Traverse City’s latest affordable-housing addition opened on Hastings Street with 52 apartments and a waitlist already forming, a sign that lower-cost homes are still in short supply across Grand Traverse County. Annika Place II is at 1020 Hastings Street in the Traverse Heights neighborhood, and Woda Cooper Companies says the community includes one- and two-bedroom apartments with a rooftop terrace, playground, fitness center and on-site maintenance.

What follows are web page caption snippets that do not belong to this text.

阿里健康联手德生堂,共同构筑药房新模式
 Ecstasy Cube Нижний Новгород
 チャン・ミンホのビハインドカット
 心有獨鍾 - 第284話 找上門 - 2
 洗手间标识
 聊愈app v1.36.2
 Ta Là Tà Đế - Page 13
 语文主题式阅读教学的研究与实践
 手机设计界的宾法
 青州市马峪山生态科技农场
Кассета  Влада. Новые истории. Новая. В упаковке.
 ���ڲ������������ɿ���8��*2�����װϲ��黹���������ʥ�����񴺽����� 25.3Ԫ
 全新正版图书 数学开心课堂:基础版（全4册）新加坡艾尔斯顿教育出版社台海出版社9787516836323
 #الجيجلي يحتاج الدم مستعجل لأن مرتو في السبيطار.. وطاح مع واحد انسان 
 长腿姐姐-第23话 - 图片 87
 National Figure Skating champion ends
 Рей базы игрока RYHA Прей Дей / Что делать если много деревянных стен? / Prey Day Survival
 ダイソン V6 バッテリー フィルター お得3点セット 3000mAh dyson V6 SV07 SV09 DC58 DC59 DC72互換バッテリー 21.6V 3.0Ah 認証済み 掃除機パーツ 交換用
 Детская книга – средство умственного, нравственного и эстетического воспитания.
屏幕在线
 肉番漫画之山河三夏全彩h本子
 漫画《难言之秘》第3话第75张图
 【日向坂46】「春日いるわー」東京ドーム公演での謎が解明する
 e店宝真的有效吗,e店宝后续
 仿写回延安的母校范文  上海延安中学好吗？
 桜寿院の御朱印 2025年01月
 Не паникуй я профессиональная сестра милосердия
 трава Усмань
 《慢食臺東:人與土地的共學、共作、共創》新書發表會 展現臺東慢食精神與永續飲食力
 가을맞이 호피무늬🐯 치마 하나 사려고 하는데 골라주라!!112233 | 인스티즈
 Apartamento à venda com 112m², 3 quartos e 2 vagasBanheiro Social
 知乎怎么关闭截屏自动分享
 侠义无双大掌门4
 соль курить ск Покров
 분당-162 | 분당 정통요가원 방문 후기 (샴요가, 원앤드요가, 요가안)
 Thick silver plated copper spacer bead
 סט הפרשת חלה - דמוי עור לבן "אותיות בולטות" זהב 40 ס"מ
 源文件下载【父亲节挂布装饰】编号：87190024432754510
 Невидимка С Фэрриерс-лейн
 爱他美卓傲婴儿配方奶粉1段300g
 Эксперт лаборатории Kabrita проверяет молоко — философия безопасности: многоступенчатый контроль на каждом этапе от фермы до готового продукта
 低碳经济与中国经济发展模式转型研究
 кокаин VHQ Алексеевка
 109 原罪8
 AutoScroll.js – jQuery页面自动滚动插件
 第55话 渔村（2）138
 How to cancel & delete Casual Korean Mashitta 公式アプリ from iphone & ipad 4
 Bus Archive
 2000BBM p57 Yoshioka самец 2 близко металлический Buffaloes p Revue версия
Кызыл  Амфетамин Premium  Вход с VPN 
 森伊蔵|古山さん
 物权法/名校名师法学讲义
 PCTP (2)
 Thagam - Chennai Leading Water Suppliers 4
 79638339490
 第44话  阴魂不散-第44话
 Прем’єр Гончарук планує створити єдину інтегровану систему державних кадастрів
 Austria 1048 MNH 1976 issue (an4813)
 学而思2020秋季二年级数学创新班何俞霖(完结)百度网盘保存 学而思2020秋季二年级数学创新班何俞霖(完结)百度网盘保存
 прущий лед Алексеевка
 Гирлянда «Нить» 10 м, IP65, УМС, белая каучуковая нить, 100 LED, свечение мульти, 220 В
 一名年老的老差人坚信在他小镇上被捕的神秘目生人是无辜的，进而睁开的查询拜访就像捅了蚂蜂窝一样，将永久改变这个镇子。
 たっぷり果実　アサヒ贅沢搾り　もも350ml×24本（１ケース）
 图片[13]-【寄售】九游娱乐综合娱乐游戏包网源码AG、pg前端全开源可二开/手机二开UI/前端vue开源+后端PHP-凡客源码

The building is aimed at households that cannot compete in Traverse City’s open market. City records show 34 of the apartments, or 64%, are targeted to residents earning 70% to 80% of area median income. Another 19 units are designated for permanent supportive housing, including chronically homeless households and people on the top 10% of the local coordinated-entry priority list. Five apartments are accessible. Woda also said availability can shift quickly and may show as a waitlist because demand changes hourly.

AI-generated illustration
AI-generated illustration

The project adds to a housing pipeline that has been building for more than a year. Michigan State Housing Development Authority approved funding for Annika Place II in June 2024, describing it as an $18 million development backed by $16.9 million in agency funding. City records show a 6% PILOT approved for 2023 to 2039. Woda said Annika Place II is the company’s fifth project in the Traverse City area, extending a local footprint that already includes Annika Place I at 947 S. Garfield Ave.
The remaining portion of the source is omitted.